There are 10 total tables for EMTiming system, they
all start with TDC. Each table is uniquely identified by CID number,
and by a combination of 4 other fields in CALIBRUNLISTS table:
CALIB_RUN, CALIB_VESRION, CALIB_TABLE, and DATA_STATUS.
CALIB_TABLE is the name of the calibration table,
something like TDCCEMSLEWING for EMTiming system.
DATA_STATUS can be COMPLETE, TEST, RAW, and GOOD. I
am not sure where this field is used at all.

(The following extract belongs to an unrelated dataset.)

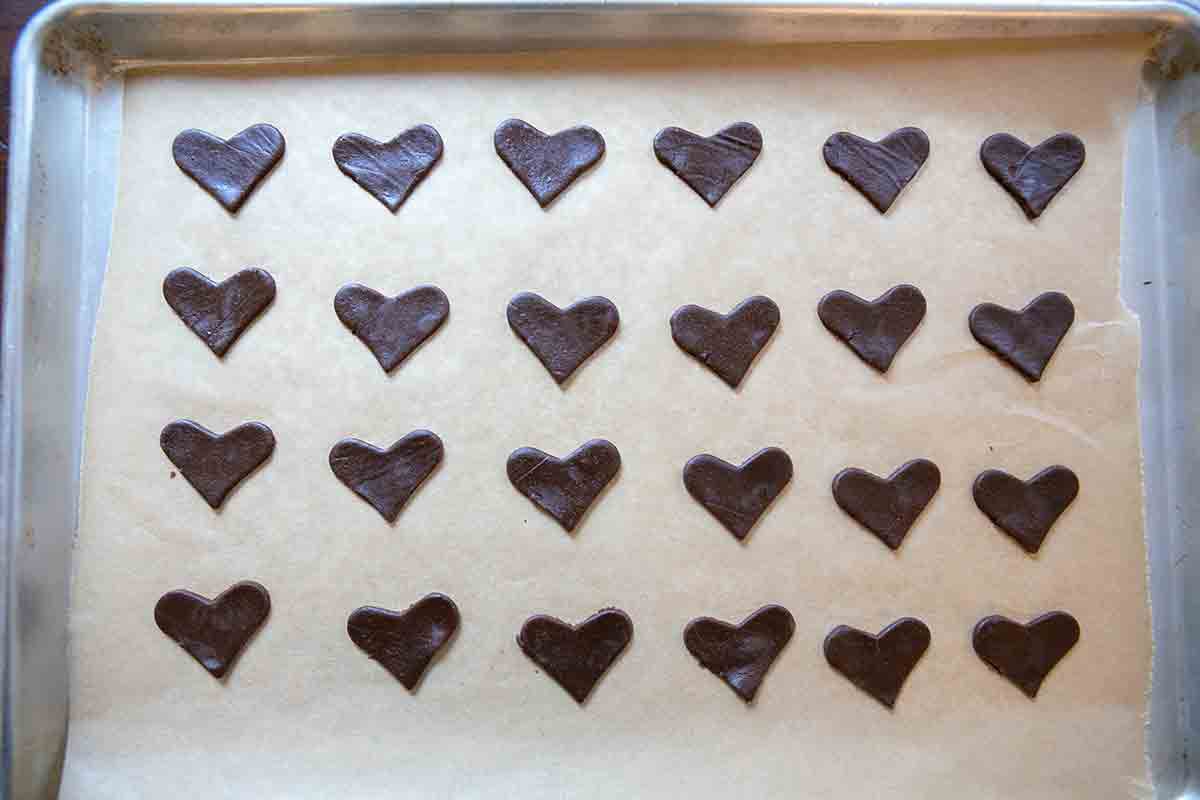 heart shaped cookies on parchment paper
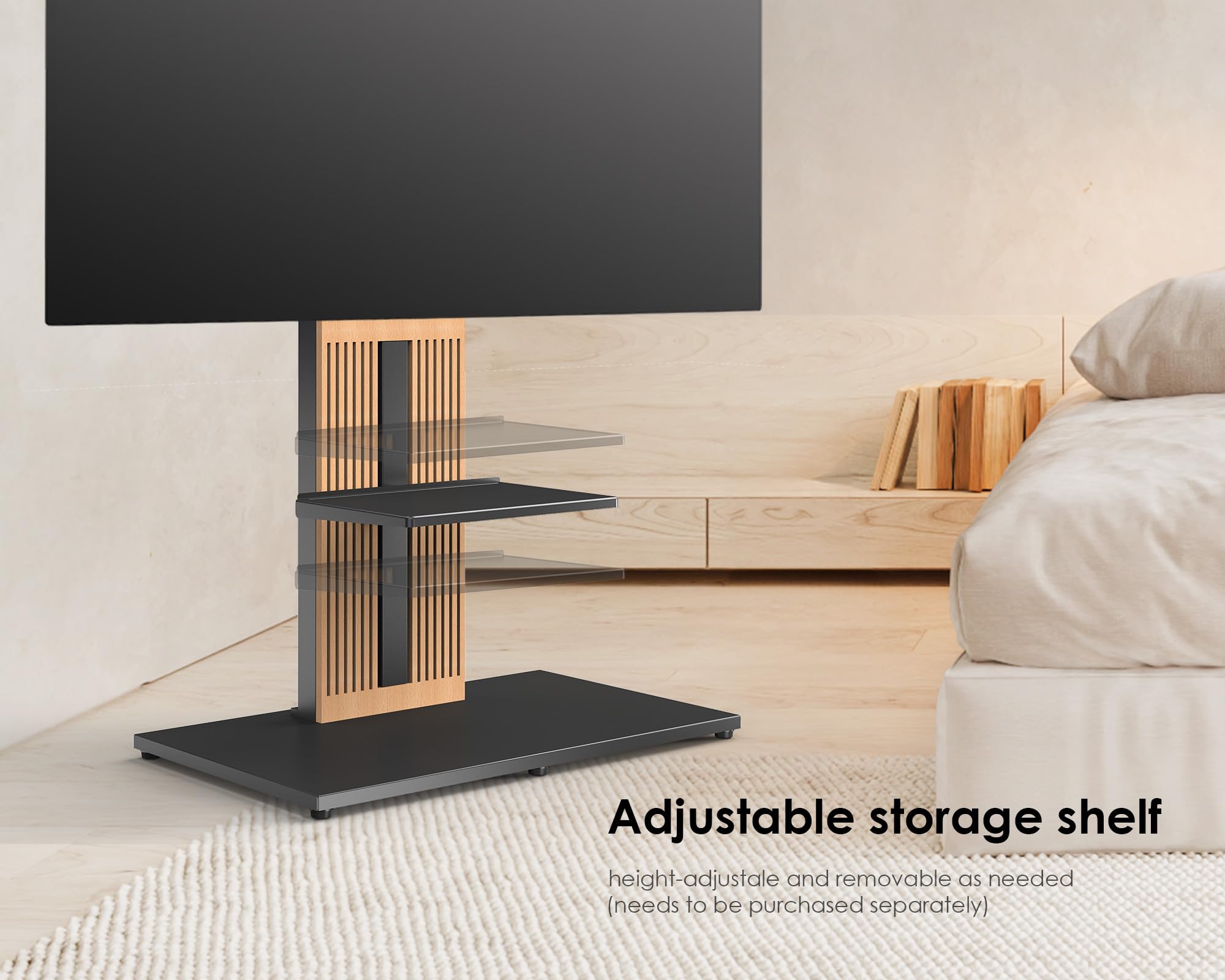 FITUEYES Wood TV Stand Swivel Mount with Hidden Back Storage for 32-65 inch TV Screens, Scandinavian Style Tall Floor TV Stand for Home Decor with Reinforced Base, Zen Series, Black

CALIB_VERSION is any integer number
CALIB_RUN is any integer number
ALGORITHM is the filed that can be any string
The scheme:
- CALIB_RUN for each table is the actually run number starting from
which this table is valid
- CALIB_VERSION can be any number, but tables with the highest
version number should be used
- ALGORITHM is integer number that specifies what reconstruction
algorithm should be applied.
- Once 2 tables with CALIB_RUN=run1 and CALIB_RUN=run2 are
committed, no table can be committed with the run1<CALIB_RUN<run2
and same other 3 fields (CALIB_VESRION, DATA_STATUS, and ALGORITHM)
Those 3 simple
rules make development and testing of the system quite
flexible and powerful.
- If you are reconstructing data for run=RunNumber, then you
know that the table with the highest CALIB_RUN <= RunNumber must be
used.
- If you made a mistake in creating a table or came up with
the table that does better reconstruction job, just bump up the
CALIB_VERSION by one.
- If in the future you realize that the reconstruction must
be changed, change the algorithm number and modify your code
accordingly.
Normally one has to specify the algorithm version
and DATA_STATUS for AC++ jobs, and the appropriate table with the
highest CALIB_RUN will be chosen. You can also set the particular
CALIB_VESRION if you want to use only tables with this version.
Also these scheme allows writing the code with the
minimal access to the database. Normally in the beginning of each run
all systems access the calibrations for this run. Now imagine that you
stripped few events from each run for ALL data CDF has ever taken and
want to run AC++ job on it. You will end up accessing the database
constantly. If, however, the calibrations do not change very often,
then when the table for particular CALIB_RUN is accessed, you KNOW
right away at what run the calibration data is changed in the future:
just find the table with MIN(CALIB_RUN) > this CALIB_RUN.